DocumentationSystemOperating system

Operating system

We configure the PC and install Alpine Linux operating system.

Alpine Linux is a security-oriented, lightweight Linux distribution based on musl libc and busybox.

To make this guide as universal as possible, it uses only standard POSIX compliant commands. As a result, it should work smoothly with a personal computer while still being compatible with most other hardware platforms running a POSIX compliant shell.

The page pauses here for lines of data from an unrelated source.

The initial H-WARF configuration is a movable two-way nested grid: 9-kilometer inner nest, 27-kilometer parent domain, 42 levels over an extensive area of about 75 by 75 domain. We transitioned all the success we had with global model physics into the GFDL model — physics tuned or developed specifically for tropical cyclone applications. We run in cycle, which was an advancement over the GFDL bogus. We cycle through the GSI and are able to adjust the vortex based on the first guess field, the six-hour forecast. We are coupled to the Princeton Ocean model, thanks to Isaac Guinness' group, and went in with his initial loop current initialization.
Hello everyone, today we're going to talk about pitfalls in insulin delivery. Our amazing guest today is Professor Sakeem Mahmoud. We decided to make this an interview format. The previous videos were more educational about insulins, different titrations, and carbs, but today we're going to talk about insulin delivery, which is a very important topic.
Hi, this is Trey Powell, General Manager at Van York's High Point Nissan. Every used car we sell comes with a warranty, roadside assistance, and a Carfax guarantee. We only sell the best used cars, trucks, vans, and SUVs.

Which operating system to use?

We use Alpine Linux. This provides the best stability for the PC and makes the initial setup a breeze.

Alpine Linux is available for most hardware platforms. There is so little need for hardware that can run in a router.

Requirements

AlpineUbuntu
RAM128MB1GB
Storage700MB2.5GB

Source(s):

Security

Alpine Linux is small, it has a minimal attack surface. Less code leads to fewer bugs and vulnerabilities but does not make it more secure.

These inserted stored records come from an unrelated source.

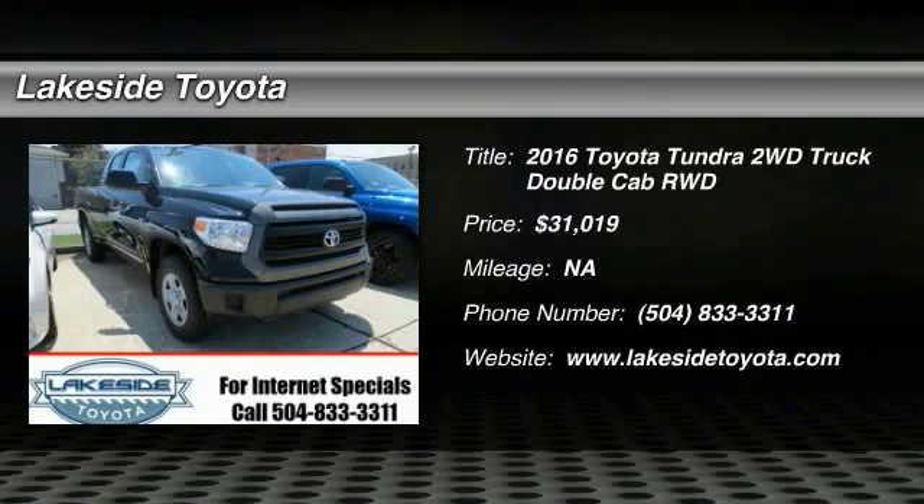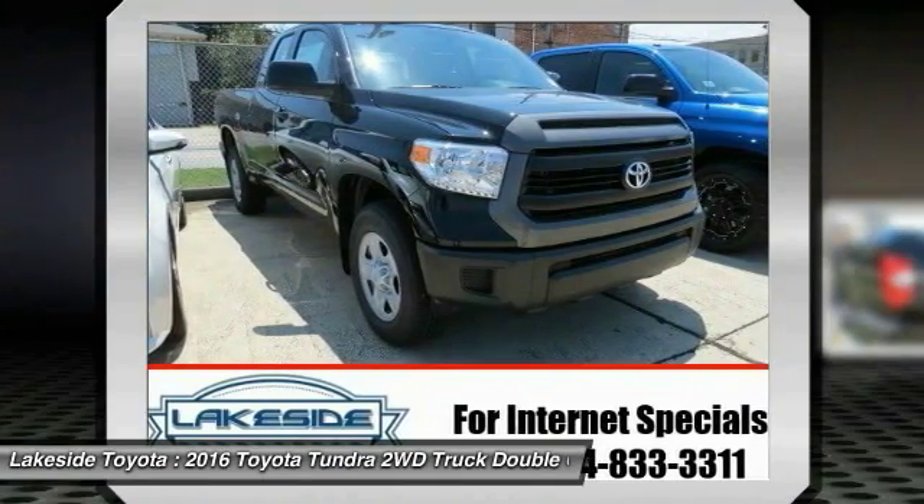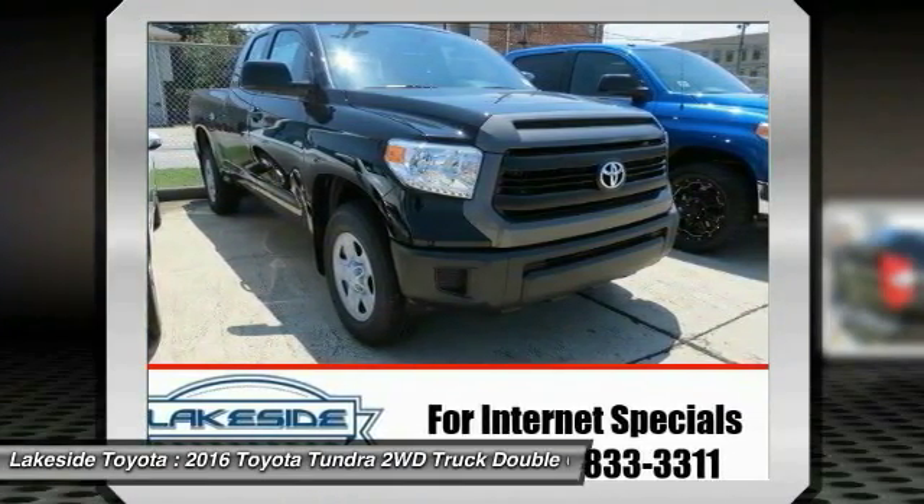2016 Tundra. The Tundra has a number of unique features useful for those using it as a work truck, including extra large door handles, a deck rail system, and an integrated tow hitch.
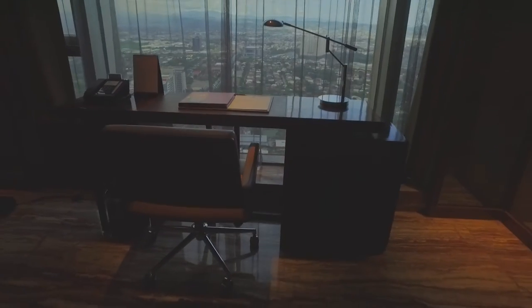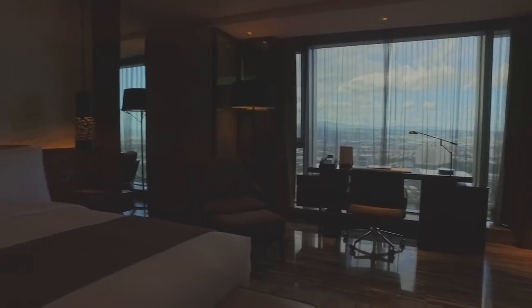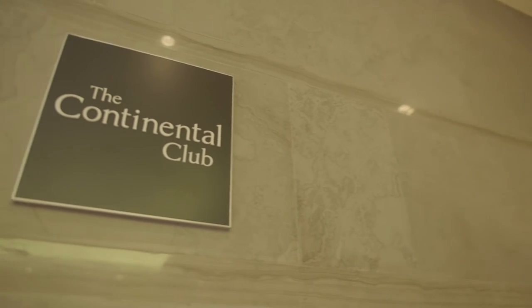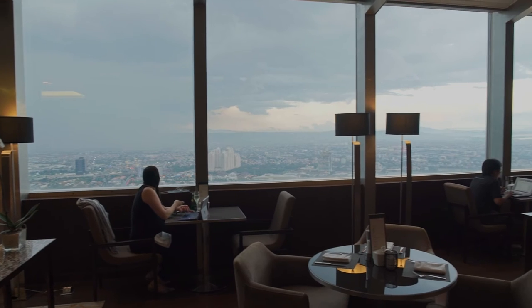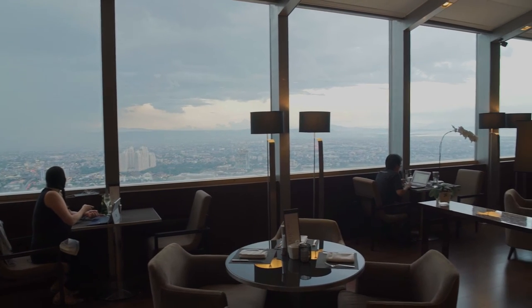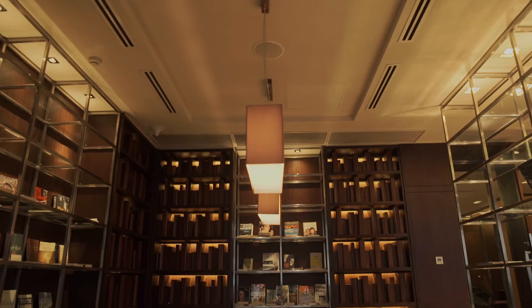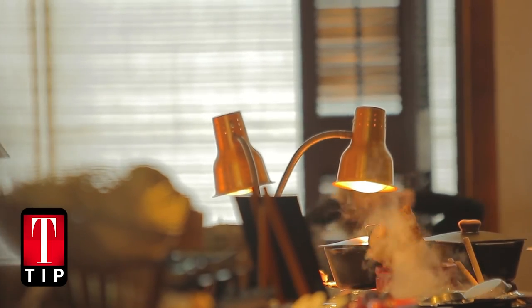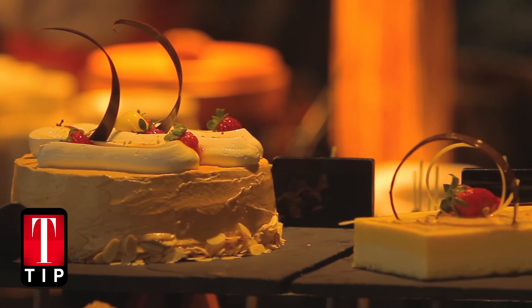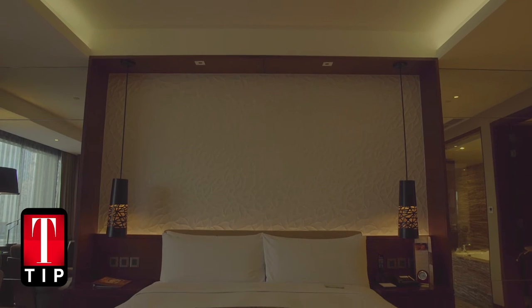To fully enjoy your time at Marco Polo, stay at any of its suites. This guarantees you access to the hotel's Continental Club Lounge, where exclusive accommodations such as a private reception area, butler service, and personalized check-in and check-out await you. If you're spending a special occasion at Marco Polo, make sure to let the staff know and they will prepare something special for you and your loved one.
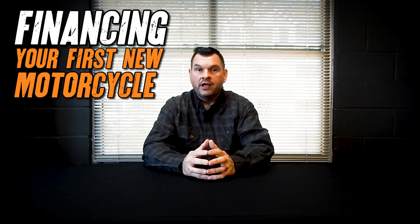Hey folks, Elvis Vaughn, General Manager, Killer Creek Harley-Davidson here in Roswell, Georgia. Today we're going to be discussing financing your first new motorcycle. And while the principles contained within this video apply to nearly every motorcycle financed, they are primarily intended for a first-time buyer.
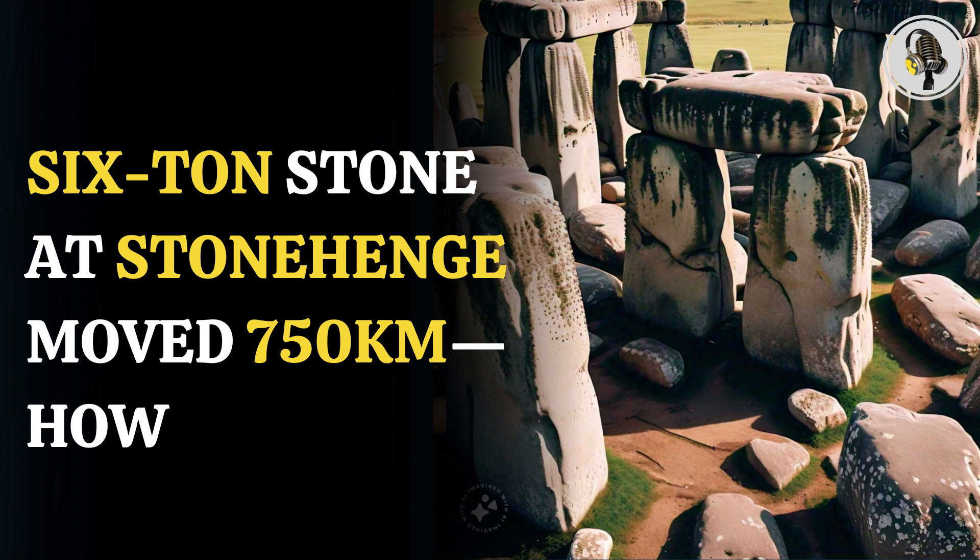The study assumes that the bluestone, which is called the altar stone, was sourced from red sandstone deposits of northeast Scotland. So far, the origin of bluestones in Stonehenge had been traced to Presley Hills in Wales. The larger Sarsen stones — the ones that stand tall at the peripheral circle of Stonehenge — are from West Woods, near Marlborough, and are sourced relatively nearby, estimated to be 25 kilometers.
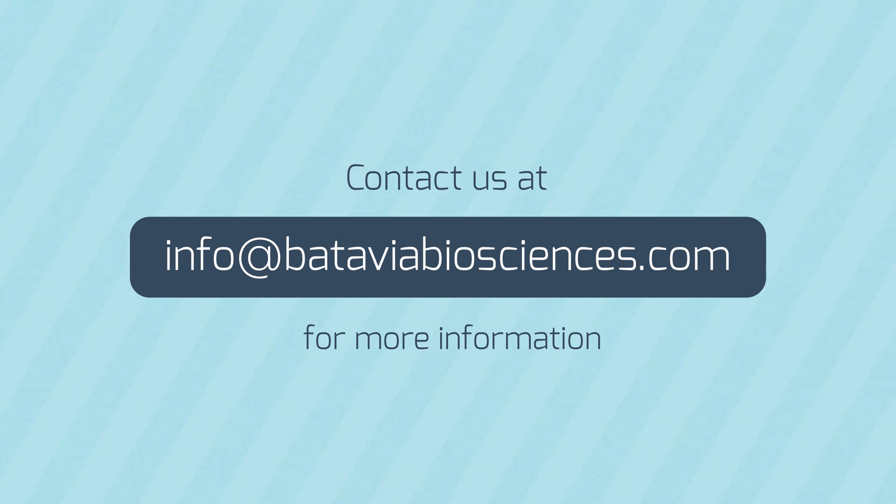Contact us at info@BataviaBiosciences.com for more information.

Alpine Linux says it is more secure because of all user-land binaries:

  • Are compiled as Position Independent Executables (PIE)
  • Has Stack-Smashing Protection (SSP) enabled by default

Thus, preventing the exploitation of zero-day and other vulnerabilities. PIE achieves this in an interesting way. It loads itself (and its dependencies) into random locations within virtual memory. Stack Smashing Protection helps detect stack buffer overruns. SSP makes return-oriented programming attacks much more difficult to execute.

Ubuntu has also implemented PIE by default as of 17.10 for all architectures in the Ubuntu archive. Also, Ubuntu has stack protection enabled on the Kernel.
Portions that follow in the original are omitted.